● DIRECTIONS FOR THIS TASK:
Nothing in the entries may differ when you return them.

== RECORDED DATA ==

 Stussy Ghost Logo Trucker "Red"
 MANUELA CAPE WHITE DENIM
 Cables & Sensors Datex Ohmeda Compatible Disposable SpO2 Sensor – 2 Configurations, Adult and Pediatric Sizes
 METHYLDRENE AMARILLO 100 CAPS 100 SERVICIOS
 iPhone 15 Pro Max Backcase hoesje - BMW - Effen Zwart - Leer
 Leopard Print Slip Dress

===

● EXERCISE OUTPUT:
 Stussy Ghost Logo Trucker "Red"
 MANUELA CAPE WHITE DENIM
 Cables & Sensors Datex Ohmeda Compatible Disposable SpO2 Sensor – 2 Configurations, Adult and Pediatric Sizes
 METHYLDRENE AMARILLO 100 CAPS 100 SERVICIOS
 iPhone 15 Pro Max Backcase hoesje - BMW - Effen Zwart - Leer
 Leopard Print Slip Dress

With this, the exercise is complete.